Problem requirements:
After locating the line with "High Carbon Steel" below, output it and each following line exactly, stopping after the line with "The Rip Curl". No pictures.

Data provided:
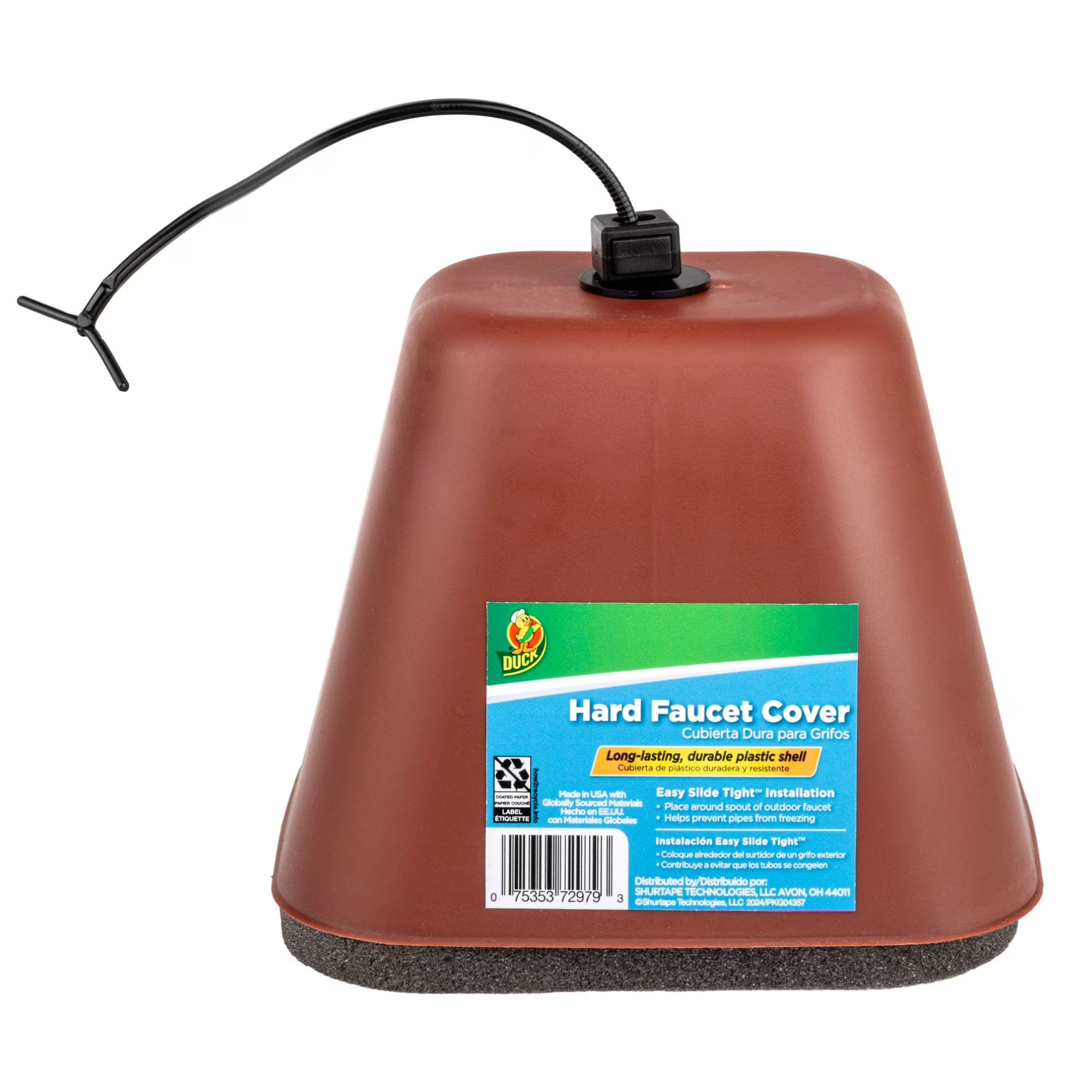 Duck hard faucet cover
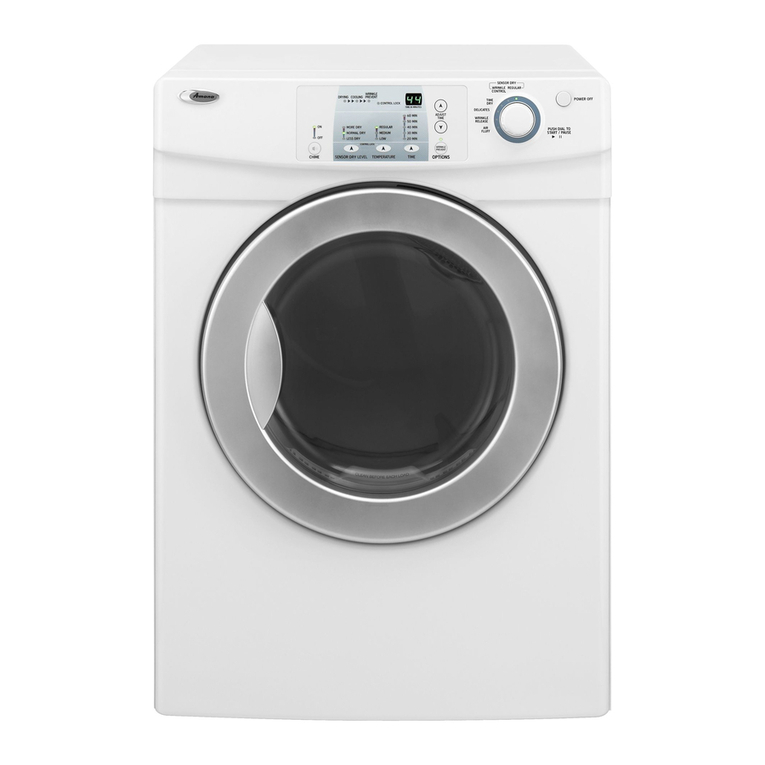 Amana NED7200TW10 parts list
---
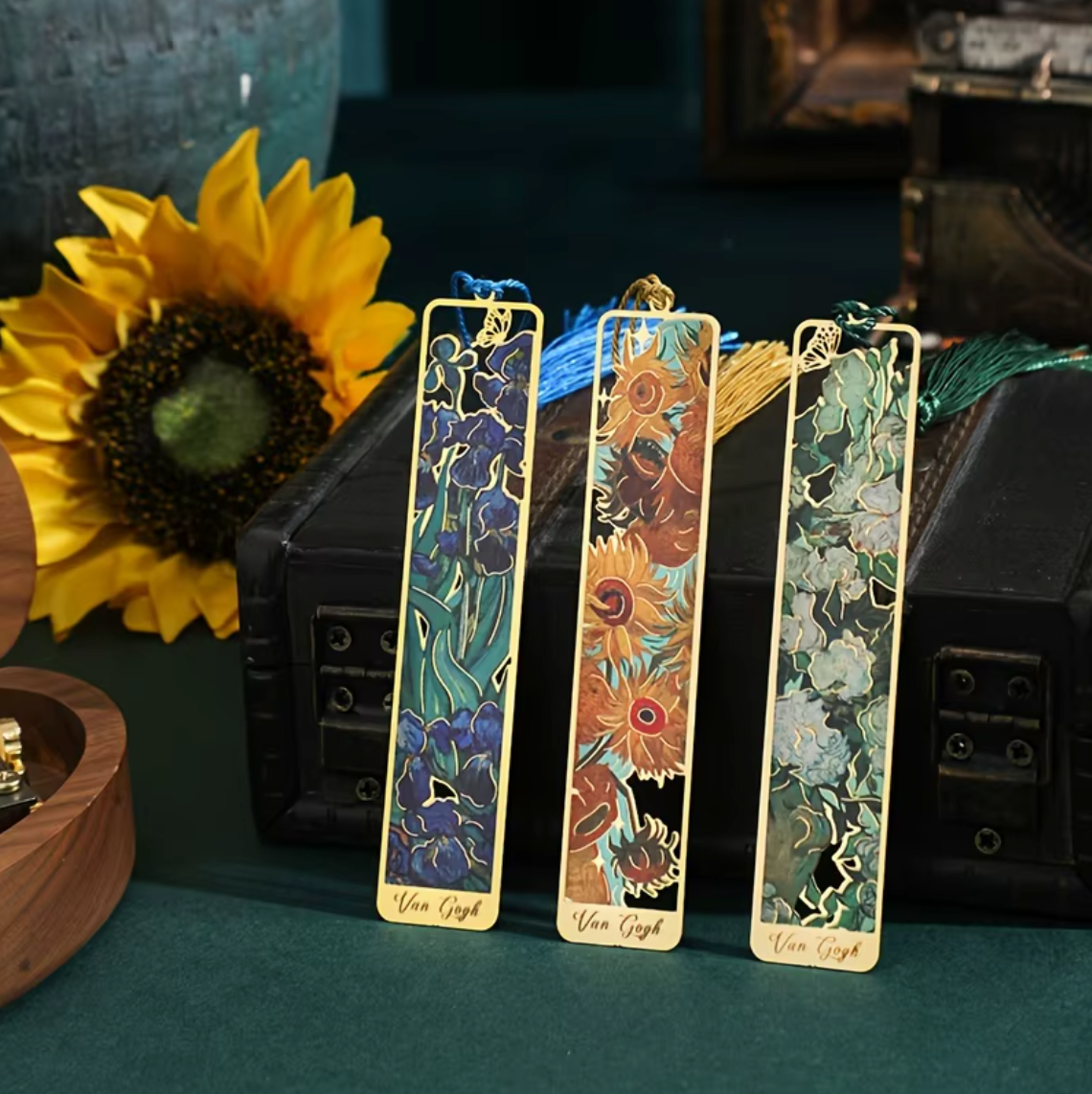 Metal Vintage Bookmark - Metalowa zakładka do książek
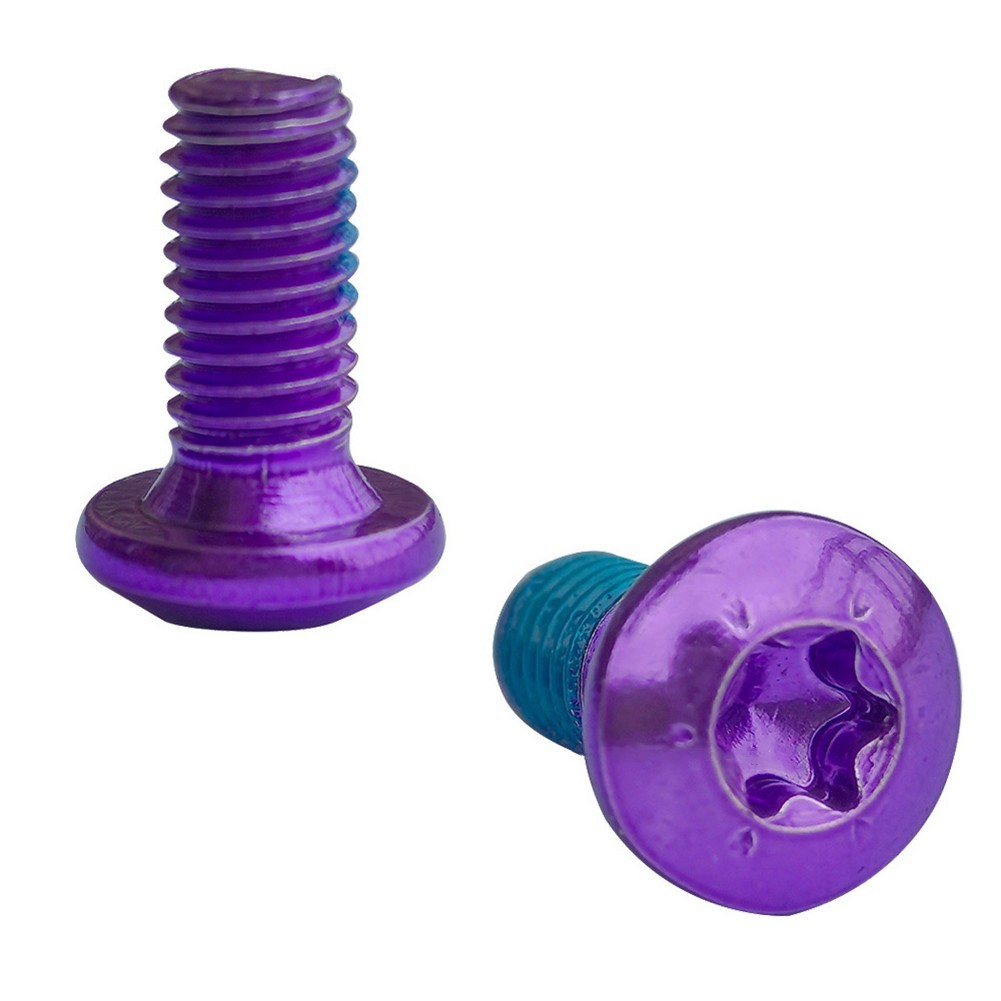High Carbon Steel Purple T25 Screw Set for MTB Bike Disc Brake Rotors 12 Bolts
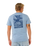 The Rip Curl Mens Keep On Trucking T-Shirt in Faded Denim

Response area:
High Carbon Steel Purple T25 Screw Set for MTB Bike Disc Brake Rotors 12 Bolts
 The Rip Curl Mens Keep On Trucking T-Shirt in Faded Denim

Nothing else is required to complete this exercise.